Etikettenschwindel

Echter Pelz wird oft als Kunstpelz verkauft

D. Lenz

Pelz gilt unter den Wohlhabenden als exklusiver Luxus. Dabei denken nur die wenigsten Kunden an das Leid, welches die Tiere dafür ertragen müssen. Immer mehr Menschen verzichten bewusst auf echten Pelz und kaufen dafür Mode mit Kunstpelz. Stiftung Warentest hat jetzt jedoch enthüllt, dass viele Kunstpelze bzw. Kunstfelle doch von Tieren stammen.
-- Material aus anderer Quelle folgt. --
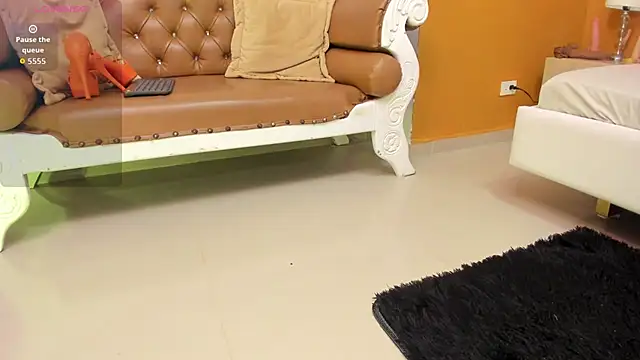 FOXYRIVER  online show from 02/20/26, 12:05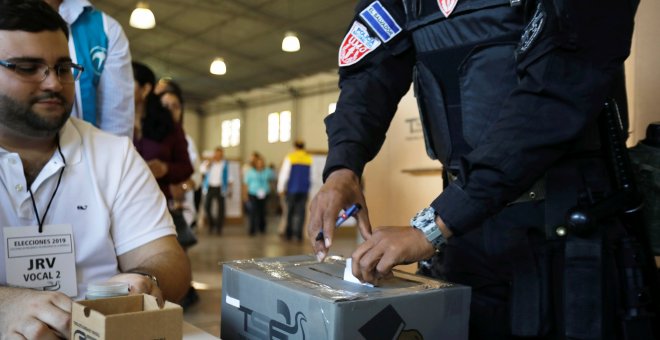 El Salvador celebra elecciones presidenciales bajo un fuerte dispositivo de seguridad./REUTERS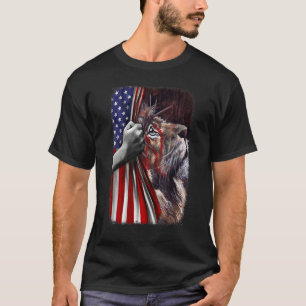 Christus Jesus Löwe von Juda Amerikanische Flagge T-Shirt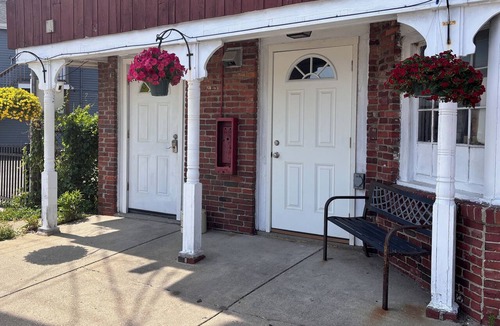 Gloucester Apartment | Quirky 1-bedroom apartment with AC in delightful Gloucester, near water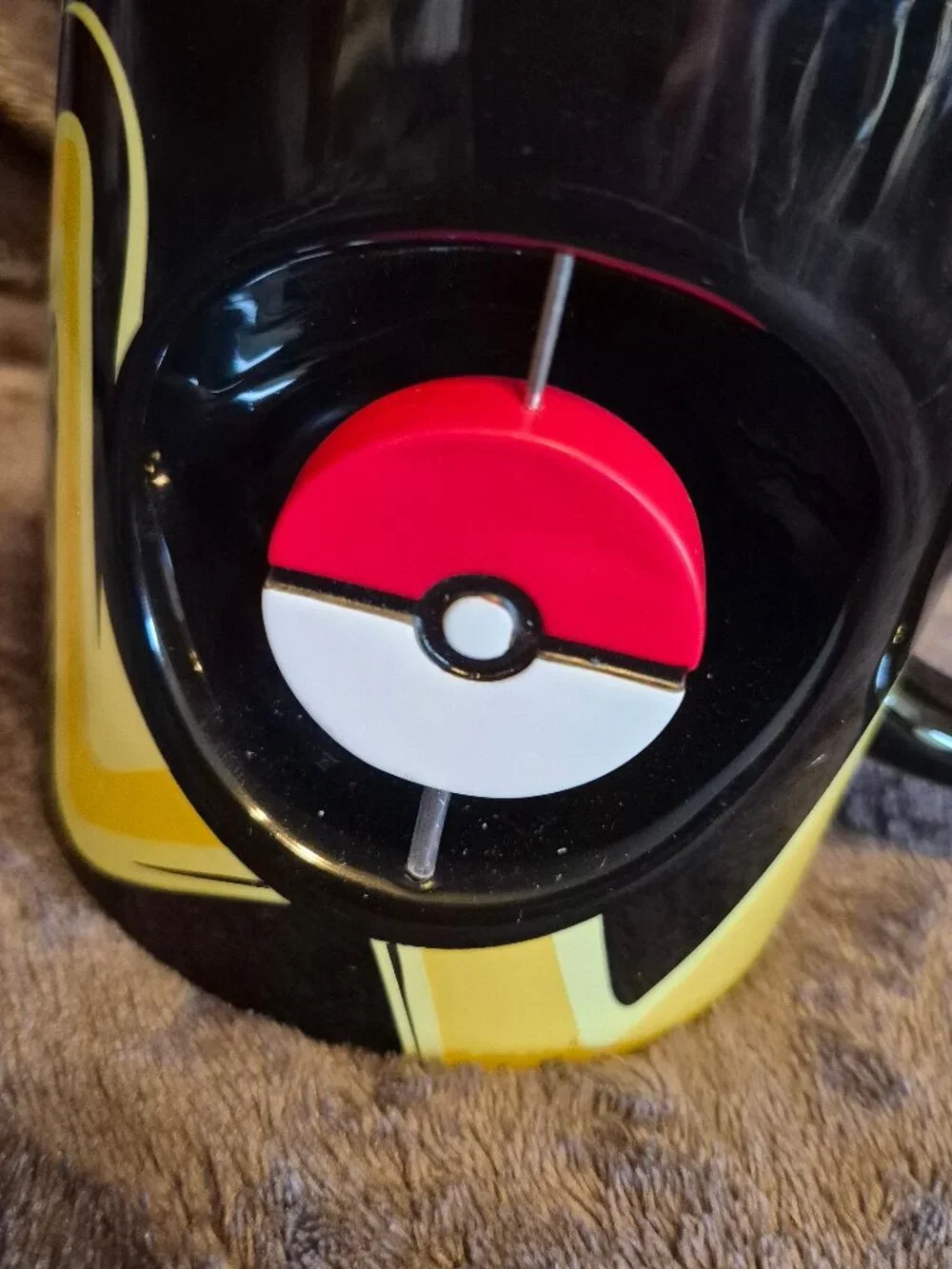 Pokémon Pikachu Spinner 16oz Coffee Mug Black SM-09-16-07292016B
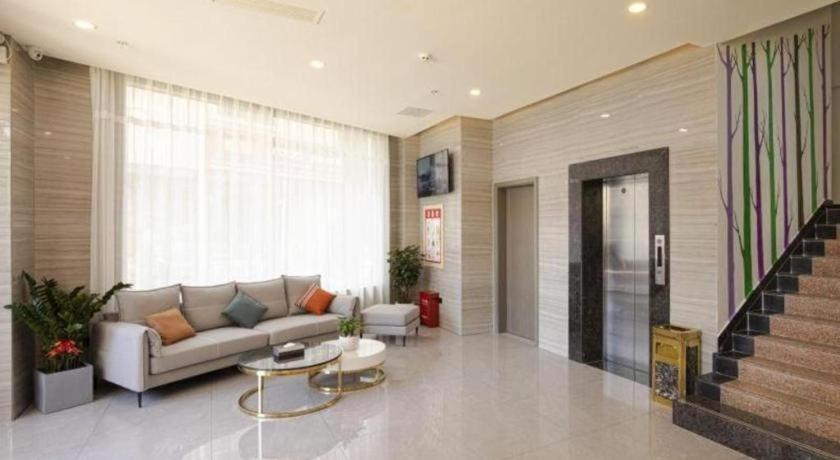 Vatica Hotel Haikou Jinniuling Park Haizhiyuan
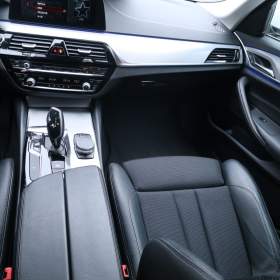 Foto inzerátu BMW Řada 5 530i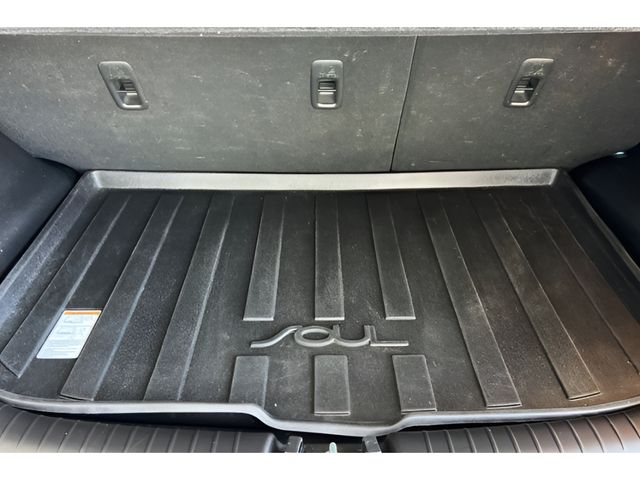 Vehicle image 8 of 36
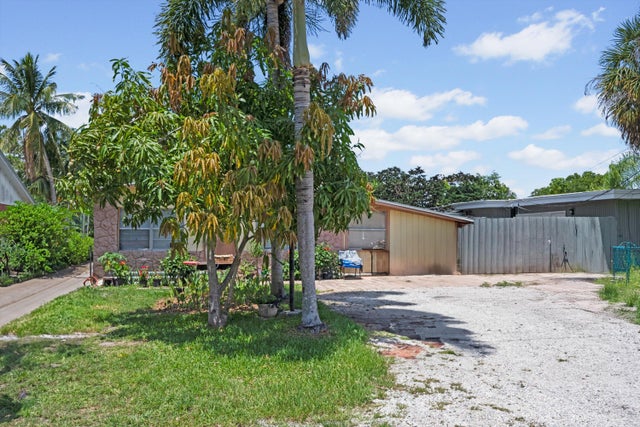 5 of 17 - 3044 Se Camino Av, Stuart, FL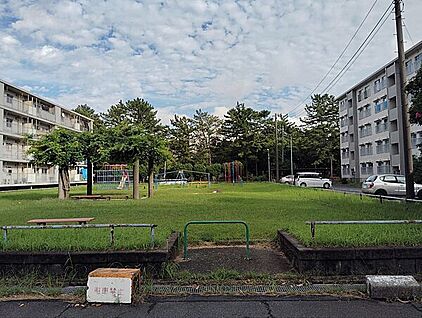 県営幕張東団地公園 1113m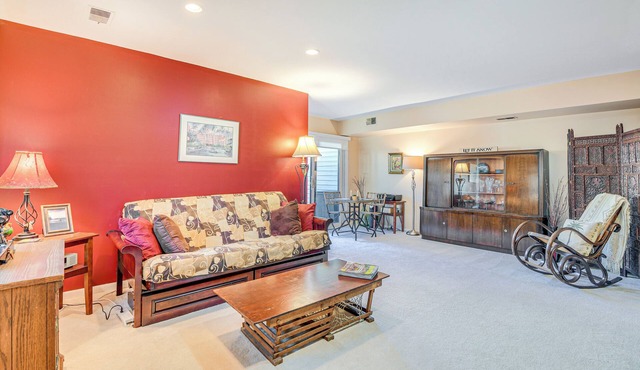 Travel Nurses Welcome! Quaint Alexandria Condo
Berlin (Deutschland). Immer mehr Menschen sind sich bewusst, dass Tiere für Mode mit echtem Pelz leiden und sterben müssen. Aus diesem Grund kaufen die meisten ganz bewusst Mode mit Kunstfell. Doch wie jetzt Loboranalysen zeigen, sind viele künstliche Felle doch aus tierischen Erzeugnissen – ohne dass diese entsprechend gekennzeichnet wurden – wie es eine EU-Verordnung vorschreibt.
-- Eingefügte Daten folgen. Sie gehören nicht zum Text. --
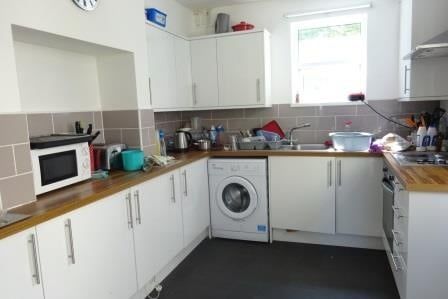Room in a Shared House, Sussex Place, BS2 - Photo 5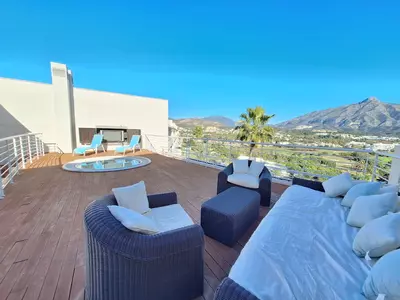 Penthouse Duplex in Nueva Andalucía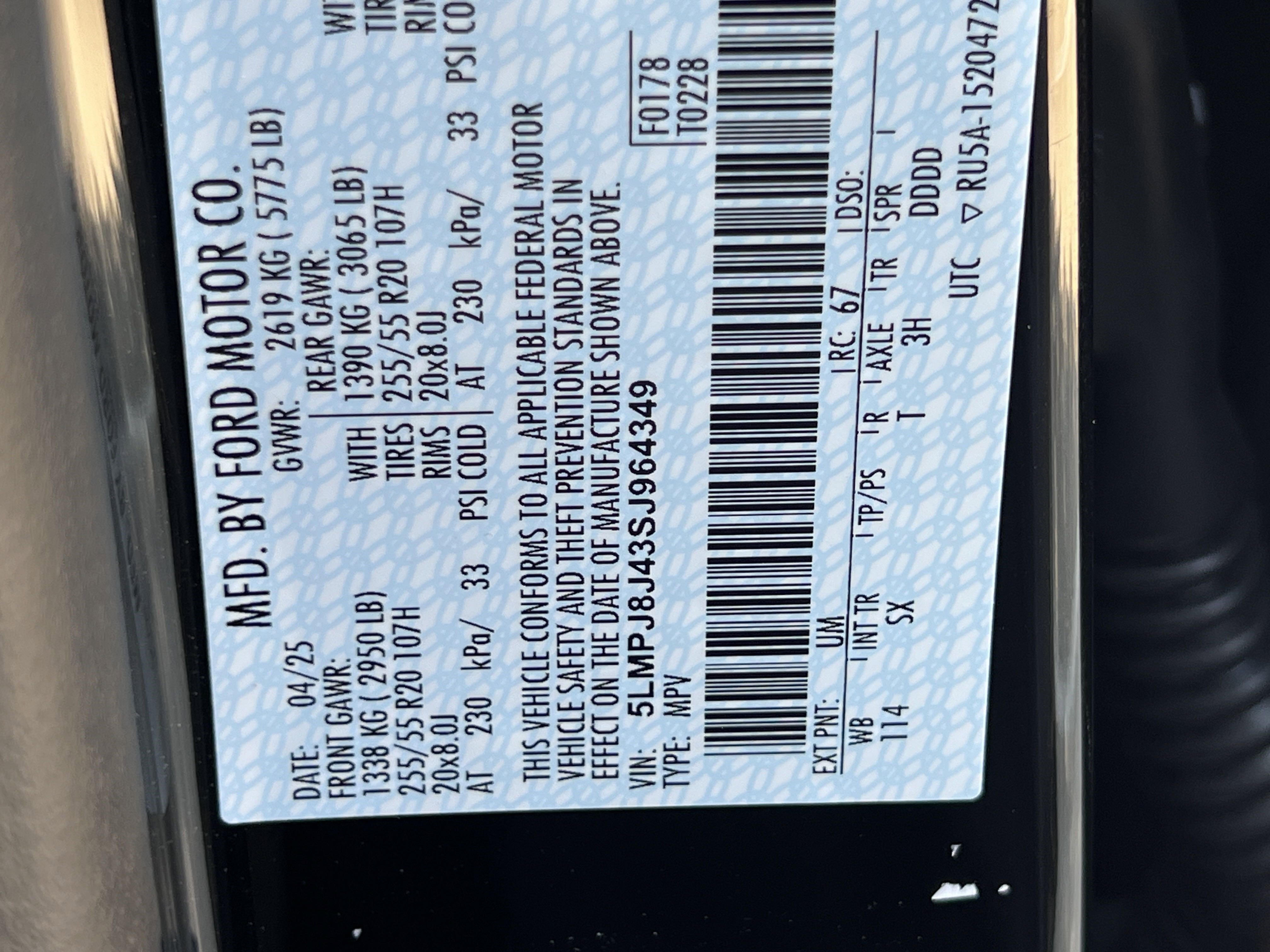 New 2025 Lincoln Nautilus Premier w/ Jet Appearance Package image 32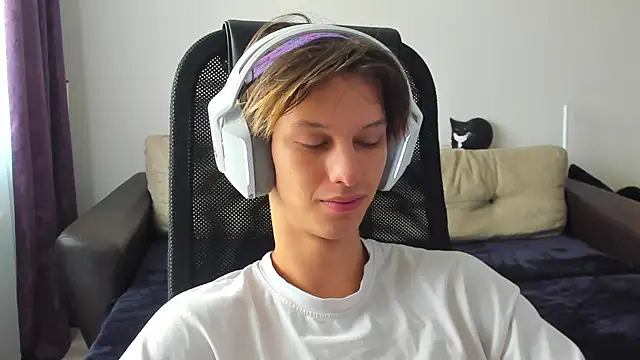 Ostin meow online show from September 23, 7:15 am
Demnach müssen in der Europäischen Union Produkte mit echtem Fell mit dem Hinweis „Enthält nichttextile Teile tierischen Ursprungs“ gekennzeichnet sein.

Fast alle Stichproben bestanden aus tierischen Erzeugnissen

Stiftung Warentest hat Stichprobenkäufe in 20 Geschäften, darunter bekannte Modeketten, Kaufhäuser sowie kleine Boutiquen mit Edel- und Billigmarken getätigt. Gekauft wurden Jacken und Mützen mit vermeintlichen Kunstpelz, der den Testern aber verdächtig echt aussah. Diese wurden anschließen im Labor untersucht. Das Ergebnis: Alle gekauften Produkte, in der Preisklasse zwischen 6 und 90 Euro) waren mit echten Pelz bestückt.
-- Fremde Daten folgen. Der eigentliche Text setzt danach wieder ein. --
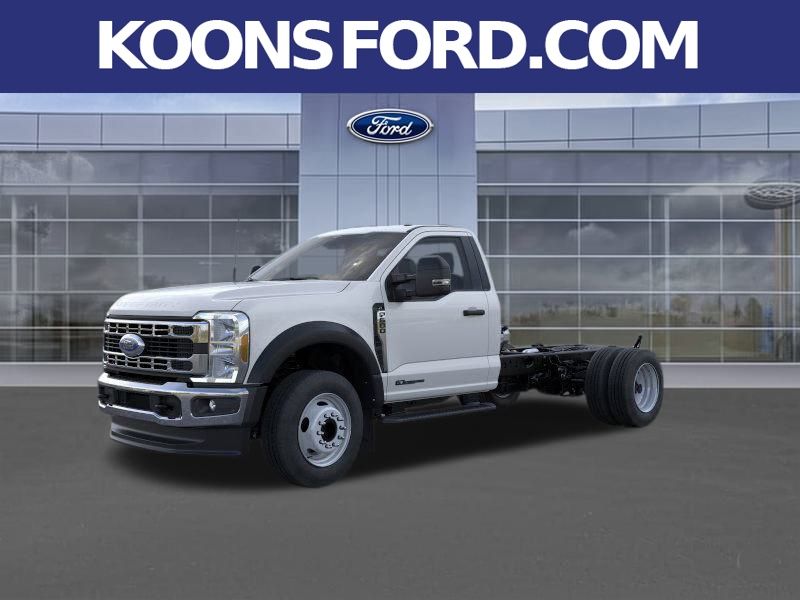 2025 Ford F-600 Super Duty Chassis Cab XL's photo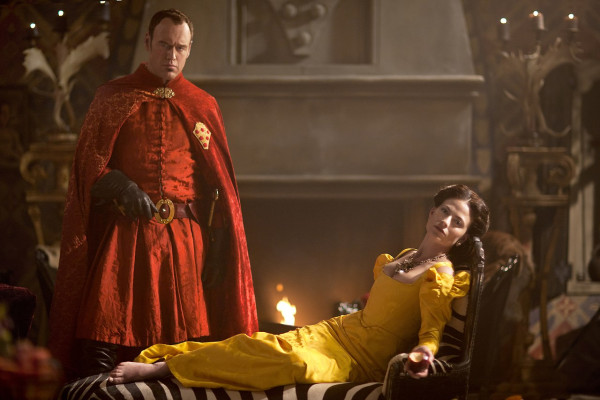 Lara Pulver pic #701613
Echter Pelz ist günstiger als Kunstpelz

Der Grund für den Etikettenschwindel ist in erster Linie die Profitgier der produzierenden Unternehmen. „Das Fell des Marderhundes aus chinesischen Farmen ist oft billiger oder zumindest genauso billig wie Kunstfell. Daher wird oft Echtfell verwendet, ohne dass der Käufer darüber aufgeklärt wird“, erklärt Lea Schmitz, Biologin beim Deutschen Tierschutzbund.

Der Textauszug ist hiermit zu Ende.